**What the task asks**
What you write should match, word for word, the lines from the one containing "Tre halverade kronärtskockor" through the end of the data, with no pictures.

*** Information supplied Section Begins ***

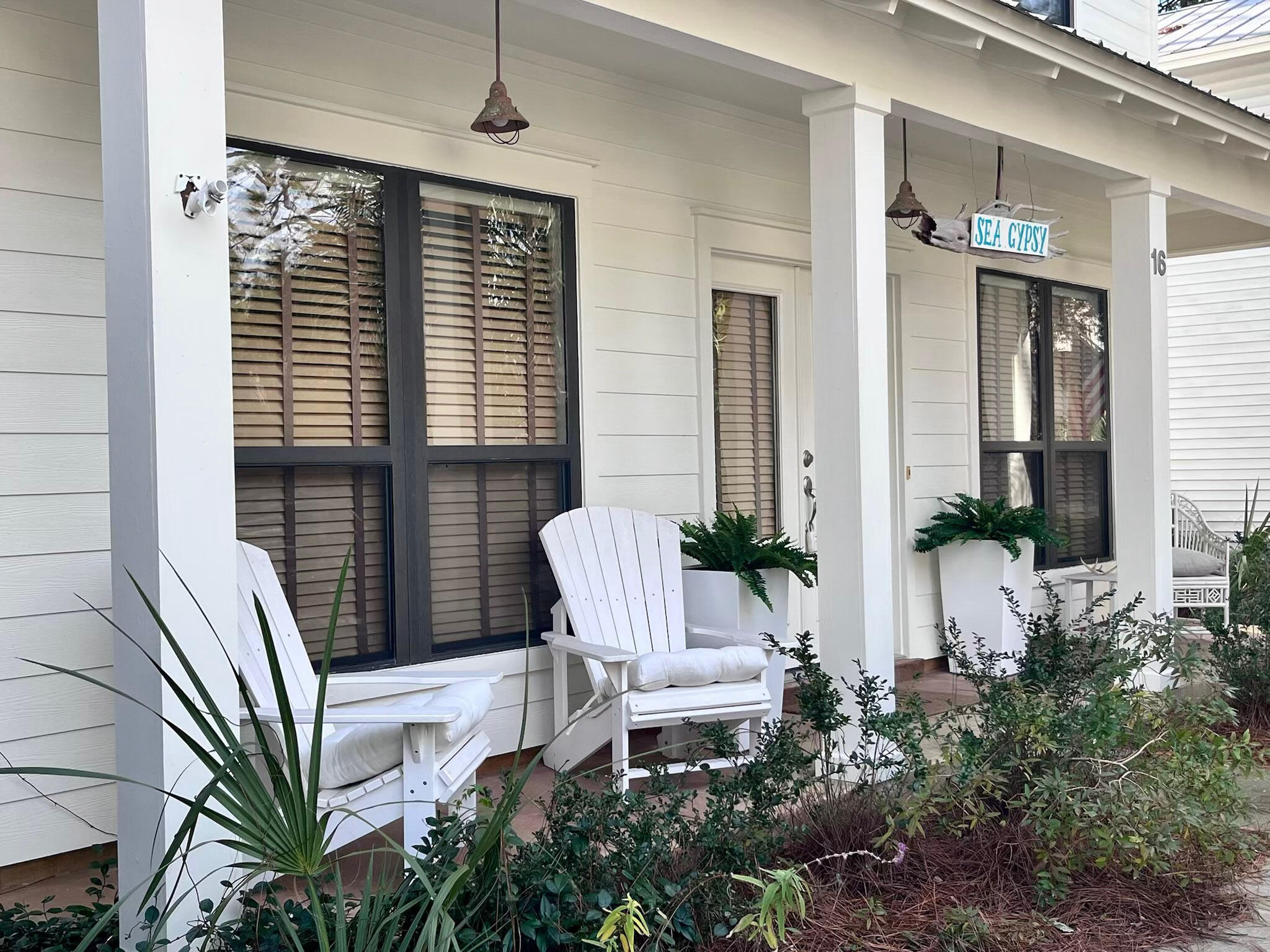 a view of a porch with chairs and potted plants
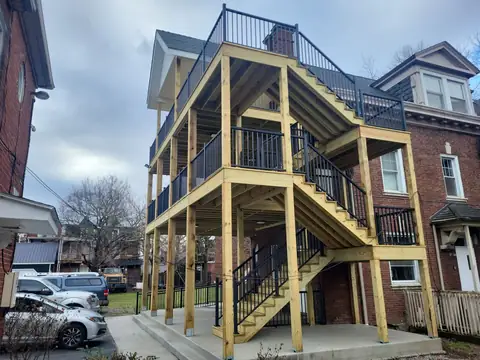 Multi-level wood deck with stairs and black aluminum railing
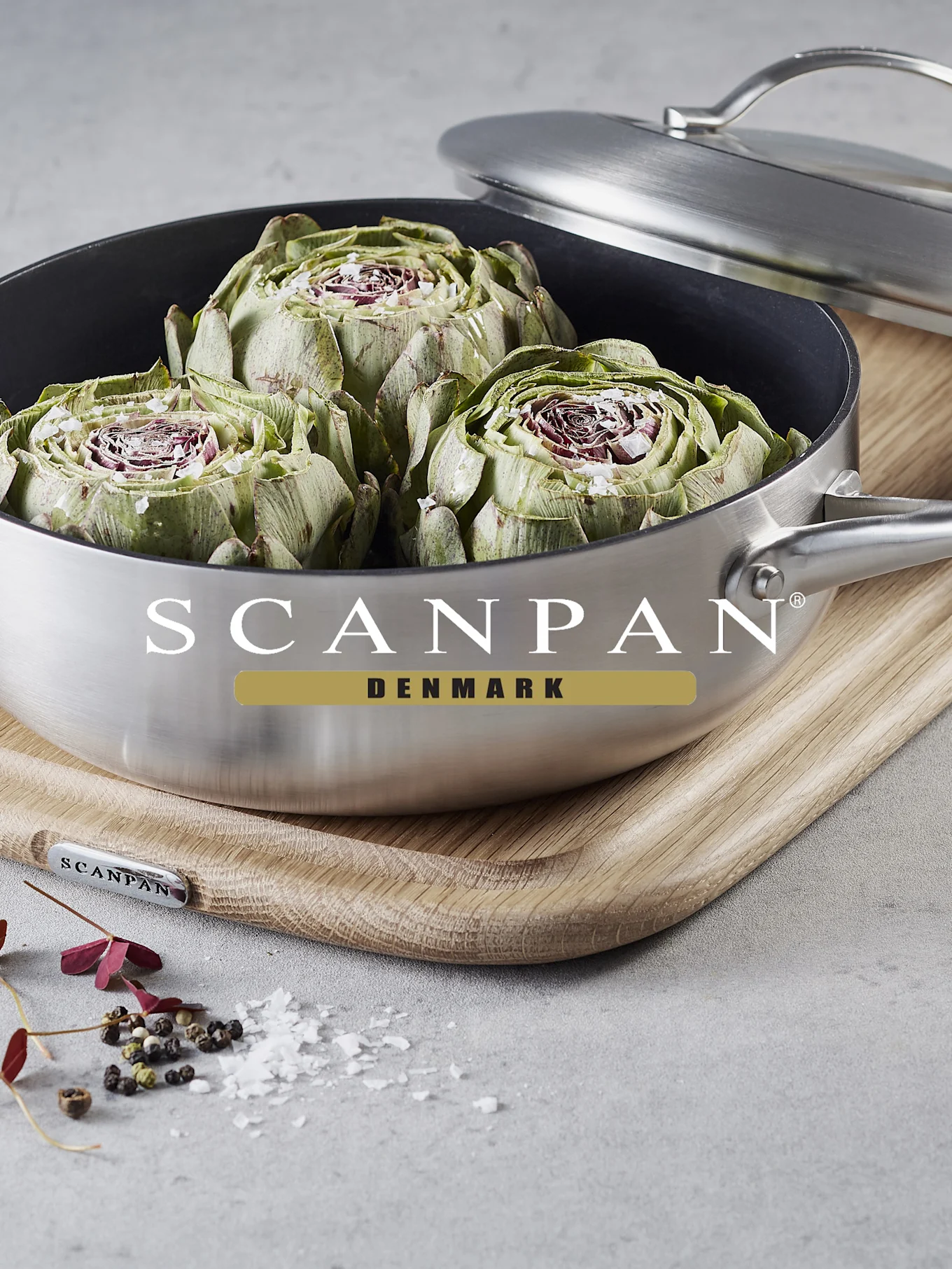 Tre halverade kronärtskockor med salt i en borstad rostfri kastrull på en träskärbräda. Spridda pepparkorn och saltflingor i närheten.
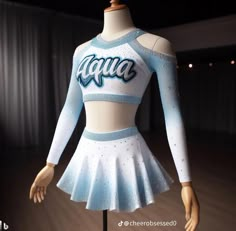 a white and blue cheer uniform on display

*** Information supplied Section Ends ***

**Response to this exercise**
 Tre halverade kronärtskockor med salt i en borstad rostfri kastrull på en träskärbräda. Spridda pepparkorn och saltflingor i närheten.
 a white and blue cheer uniform on display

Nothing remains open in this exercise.